To enable this parameter, set Type to Partitioned Geometry.

Unit Type — Source of length unit for geometry
`From File` (default) | `From Unit System`

Source of the solid geometry unit, specified as From File or From Unit System. Select From File to use the units specified in the imported file. Select From Unit System to use the units specified by the Unit System parameter.

Dependencies

To enable this parameter, set Type to Partitioned Geometry.

Vertex Coordinates — Coordinates of vertices on triangulation representation
`[]` (default) | n_v-by-3 matrix

Coordinates of the vertices on the triangulation representation for the solid, specified as a n_v-by-3 matrix. n_v is the number of vertices, and each row of the matrix contains the x, y, and z coordinates for a vertex. The coordinates refer to the common reference frame.

Dependencies

To enable this parameter, set Type to Deformed Geometry.

Facet Vertex Indices — Indices of vertices that define facets of triangulation representation
`[]` (default) | n_f-by-3 matrix

Indices of vertices that define the facets of the triangulation representation for the solid, specified as a n_f-by-3 matrix. n_f is the number of facets, and each row of the matrix contains the indices of three vertices that define their corresponding facet. The index of a vertex is the row number of the vertex in the matrix for the Vertex Coordinates parameter.

Dependencies

To enable this parameter, set Type to Deformed Geometry.

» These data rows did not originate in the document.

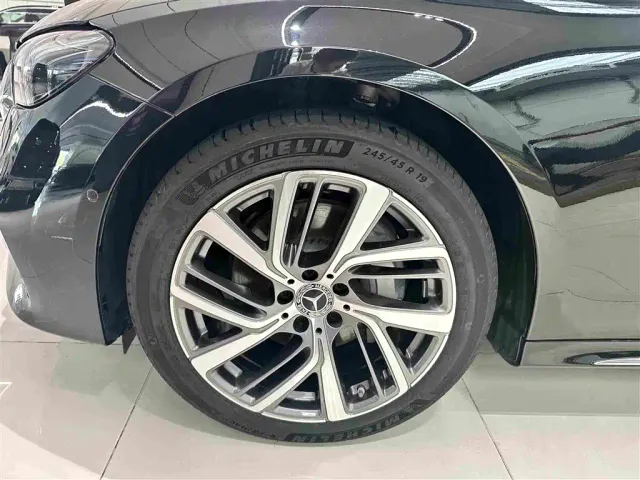 Mercedes-Benz E-Class — Фото автомобиля 4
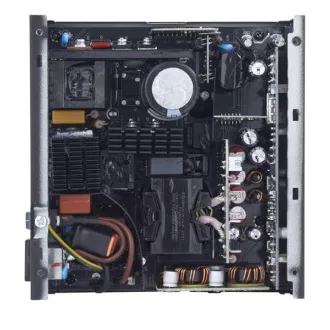 ADATA XPG tápegység CORE REACTOR II VE 750W, 80  GOLD, teljesen moduláris, ATX 3.1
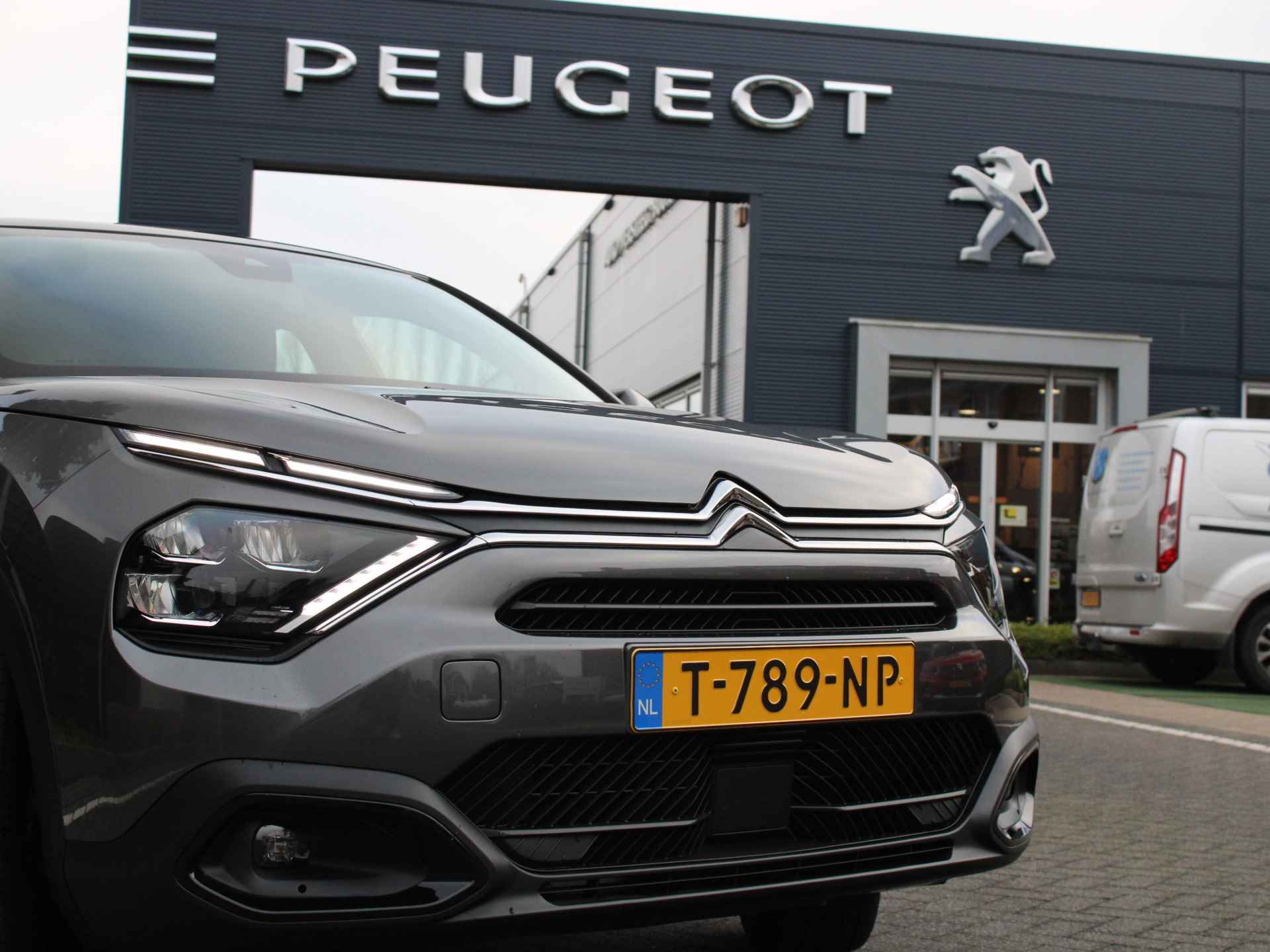 Citroën Ë-C4 Feel Pack 50 kWh 136PK Automaat Navigatie, Achteruitrijcamera, Stuur, Stoel en Voorruitverwarming, Parkeersensoren Achter - 4/36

Reconstruction Matrix — Recovery data to visualize deformed body
`[]` (default) | 3n_v-by-r matrix

Recovery data to visualize the deformed body, specified as a 3n_v-by-r matrix. n_v is the number of vertices and r is the number of columns of the mass or stiffness matrix in the ROM data.

The Reduced Order Flexible Solid block uses the reconstruction matrix to calculate the displacements of the vertices on the triangulation representation to display the deformed shape of the body. Each set of three rows of the matrix corresponds to the x, y, and z displacements of a vertex.

Dependencies

To enable this parameter, set Type to Deformed Geometry.

Visual Properties — Parameterizations for color and opacity
`From File` (default) | `Advanced` | `Simple`

Parameterization for specifying visual properties.

Select From File to use color data from the imported CAD geometry file. Note that not all file formats allow color data. In formats that allow color data, that data is often optional. If your file does not specify color, the solid is rendered in gray.
Select Simple to specify Color and Opacity.
Select Advanced to specify more visual properties, such as Diffuse Color, Specular Color, Ambient Color, Emissive Color, and Shininess.

Dependencies

To enable this parameter, set Type to Partitioned Geometry.

Color — Color of light due to diffuse reflection
[0.5 0.5 0.5] (default) | 3-by-1 or 1-by-3 vector with values in the range of 0 to 1 | 4-by-1 or 1-by-4 vector with values in the range of 0 to 1

Color of the graphic under direct white light, specified as an [R G B] or [R G B A] vector on a 0–1 scale. An optional fourth element (A) specifies the color opacity on a scale of 0–1. Omitting the opacity element is equivalent to specifying a value of 1.